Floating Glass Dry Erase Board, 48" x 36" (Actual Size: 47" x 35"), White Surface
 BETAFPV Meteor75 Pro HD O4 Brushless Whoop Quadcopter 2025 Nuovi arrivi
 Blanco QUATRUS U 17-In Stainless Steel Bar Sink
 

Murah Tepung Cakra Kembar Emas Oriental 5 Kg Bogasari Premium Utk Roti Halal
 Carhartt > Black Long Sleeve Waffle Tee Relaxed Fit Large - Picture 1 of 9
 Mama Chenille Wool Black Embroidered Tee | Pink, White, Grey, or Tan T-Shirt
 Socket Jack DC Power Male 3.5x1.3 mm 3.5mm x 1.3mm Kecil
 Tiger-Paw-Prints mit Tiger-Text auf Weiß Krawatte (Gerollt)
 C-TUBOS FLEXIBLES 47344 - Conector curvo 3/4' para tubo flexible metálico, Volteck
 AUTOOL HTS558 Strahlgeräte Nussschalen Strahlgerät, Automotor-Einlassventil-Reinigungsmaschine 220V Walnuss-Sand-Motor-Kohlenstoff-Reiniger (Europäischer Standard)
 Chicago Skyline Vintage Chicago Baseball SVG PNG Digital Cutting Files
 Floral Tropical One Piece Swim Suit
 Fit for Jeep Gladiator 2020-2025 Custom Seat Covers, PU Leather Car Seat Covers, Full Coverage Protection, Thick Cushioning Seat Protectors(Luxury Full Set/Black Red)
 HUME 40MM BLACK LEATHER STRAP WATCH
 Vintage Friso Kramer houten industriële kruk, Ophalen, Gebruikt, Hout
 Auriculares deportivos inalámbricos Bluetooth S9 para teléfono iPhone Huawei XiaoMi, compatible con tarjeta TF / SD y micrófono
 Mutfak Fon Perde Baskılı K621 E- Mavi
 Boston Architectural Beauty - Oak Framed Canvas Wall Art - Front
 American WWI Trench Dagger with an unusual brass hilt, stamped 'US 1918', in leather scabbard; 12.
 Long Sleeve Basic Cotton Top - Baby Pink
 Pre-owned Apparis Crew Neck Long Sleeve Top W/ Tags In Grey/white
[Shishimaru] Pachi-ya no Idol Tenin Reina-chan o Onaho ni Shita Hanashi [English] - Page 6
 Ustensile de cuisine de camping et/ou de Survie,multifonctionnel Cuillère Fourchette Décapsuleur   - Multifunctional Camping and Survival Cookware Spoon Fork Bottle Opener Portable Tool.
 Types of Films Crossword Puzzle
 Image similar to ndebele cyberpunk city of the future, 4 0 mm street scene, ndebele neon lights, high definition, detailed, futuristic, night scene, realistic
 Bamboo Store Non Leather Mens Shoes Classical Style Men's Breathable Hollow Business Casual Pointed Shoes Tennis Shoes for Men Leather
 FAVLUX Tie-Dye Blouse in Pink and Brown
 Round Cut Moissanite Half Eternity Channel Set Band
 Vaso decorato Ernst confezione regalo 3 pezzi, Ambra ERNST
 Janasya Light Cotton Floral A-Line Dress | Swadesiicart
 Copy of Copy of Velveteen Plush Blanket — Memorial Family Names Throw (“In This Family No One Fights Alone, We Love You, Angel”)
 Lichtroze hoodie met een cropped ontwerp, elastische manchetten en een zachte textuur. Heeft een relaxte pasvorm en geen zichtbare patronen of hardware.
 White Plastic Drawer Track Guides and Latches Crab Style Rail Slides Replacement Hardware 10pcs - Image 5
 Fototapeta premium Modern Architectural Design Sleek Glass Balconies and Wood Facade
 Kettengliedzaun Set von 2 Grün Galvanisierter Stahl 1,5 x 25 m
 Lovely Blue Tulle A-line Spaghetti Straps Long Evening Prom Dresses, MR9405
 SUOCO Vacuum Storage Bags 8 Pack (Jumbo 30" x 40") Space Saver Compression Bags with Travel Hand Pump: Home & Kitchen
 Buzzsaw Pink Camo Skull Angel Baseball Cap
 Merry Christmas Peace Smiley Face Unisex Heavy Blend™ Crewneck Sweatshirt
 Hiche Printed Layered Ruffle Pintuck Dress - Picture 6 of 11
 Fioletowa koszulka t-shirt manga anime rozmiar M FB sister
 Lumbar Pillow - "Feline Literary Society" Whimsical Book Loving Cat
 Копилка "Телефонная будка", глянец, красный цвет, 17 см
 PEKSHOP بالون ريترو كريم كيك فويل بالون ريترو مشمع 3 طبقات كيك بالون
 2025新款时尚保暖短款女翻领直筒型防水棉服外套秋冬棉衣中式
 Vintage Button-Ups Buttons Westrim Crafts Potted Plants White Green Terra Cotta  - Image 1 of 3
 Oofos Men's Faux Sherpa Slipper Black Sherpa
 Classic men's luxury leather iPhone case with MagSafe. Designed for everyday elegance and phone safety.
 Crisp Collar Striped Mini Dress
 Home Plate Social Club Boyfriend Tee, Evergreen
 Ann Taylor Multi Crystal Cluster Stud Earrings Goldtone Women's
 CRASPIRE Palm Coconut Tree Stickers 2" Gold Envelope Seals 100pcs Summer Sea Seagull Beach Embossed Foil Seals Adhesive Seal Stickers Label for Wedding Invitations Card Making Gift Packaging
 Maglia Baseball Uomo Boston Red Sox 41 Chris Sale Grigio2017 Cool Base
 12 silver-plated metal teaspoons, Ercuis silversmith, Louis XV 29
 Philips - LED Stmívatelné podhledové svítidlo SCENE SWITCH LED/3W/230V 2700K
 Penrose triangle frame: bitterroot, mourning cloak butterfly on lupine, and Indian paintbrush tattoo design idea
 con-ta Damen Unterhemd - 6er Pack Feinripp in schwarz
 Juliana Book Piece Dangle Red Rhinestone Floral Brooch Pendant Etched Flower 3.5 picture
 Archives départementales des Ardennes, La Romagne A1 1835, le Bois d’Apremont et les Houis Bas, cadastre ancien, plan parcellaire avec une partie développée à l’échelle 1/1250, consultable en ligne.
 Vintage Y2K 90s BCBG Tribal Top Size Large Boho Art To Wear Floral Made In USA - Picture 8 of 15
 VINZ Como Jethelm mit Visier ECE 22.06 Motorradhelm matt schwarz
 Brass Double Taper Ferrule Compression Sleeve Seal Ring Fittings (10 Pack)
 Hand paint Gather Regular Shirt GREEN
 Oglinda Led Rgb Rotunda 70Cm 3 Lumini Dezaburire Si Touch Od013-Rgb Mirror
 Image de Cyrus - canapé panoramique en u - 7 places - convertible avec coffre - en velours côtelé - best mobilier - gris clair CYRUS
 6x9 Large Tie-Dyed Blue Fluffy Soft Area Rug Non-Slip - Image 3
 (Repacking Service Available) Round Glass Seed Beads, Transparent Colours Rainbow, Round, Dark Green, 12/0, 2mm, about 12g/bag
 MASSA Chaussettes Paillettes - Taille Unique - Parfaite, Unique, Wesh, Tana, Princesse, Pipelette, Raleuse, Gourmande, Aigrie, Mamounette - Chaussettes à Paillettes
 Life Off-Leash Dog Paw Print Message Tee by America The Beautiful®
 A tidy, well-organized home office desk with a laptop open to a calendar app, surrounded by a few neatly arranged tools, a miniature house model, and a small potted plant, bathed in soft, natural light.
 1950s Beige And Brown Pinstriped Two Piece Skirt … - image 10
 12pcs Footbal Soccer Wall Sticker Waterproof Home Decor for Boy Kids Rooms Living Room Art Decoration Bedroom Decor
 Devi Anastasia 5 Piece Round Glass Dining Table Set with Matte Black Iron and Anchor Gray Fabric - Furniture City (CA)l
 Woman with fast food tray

+++

* **What you have to do**
Take the lines from the start of the records through the line holding "Floral Tropical One Piece Swim Suit", both included, and please print them exactly, with nothing else.

* **Solution to the problem**
Floating Glass Dry Erase Board, 48" x 36" (Actual Size: 47" x 35"), White Surface
 BETAFPV Meteor75 Pro HD O4 Brushless Whoop Quadcopter 2025 Nuovi arrivi
 Blanco QUATRUS U 17-In Stainless Steel Bar Sink
 

Murah Tepung Cakra Kembar Emas Oriental 5 Kg Bogasari Premium Utk Roti Halal
 Carhartt > Black Long Sleeve Waffle Tee Relaxed Fit Large - Picture 1 of 9
 Mama Chenille Wool Black Embroidered Tee | Pink, White, Grey, or Tan T-Shirt
 Socket Jack DC Power Male 3.5x1.3 mm 3.5mm x 1.3mm Kecil
 Tiger-Paw-Prints mit Tiger-Text auf Weiß Krawatte (Gerollt)
 C-TUBOS FLEXIBLES 47344 - Conector curvo 3/4' para tubo flexible metálico, Volteck
 AUTOOL HTS558 Strahlgeräte Nussschalen Strahlgerät, Automotor-Einlassventil-Reinigungsmaschine 220V Walnuss-Sand-Motor-Kohlenstoff-Reiniger (Europäischer Standard)
 Chicago Skyline Vintage Chicago Baseball SVG PNG Digital Cutting Files
 Floral Tropical One Piece Swim Suit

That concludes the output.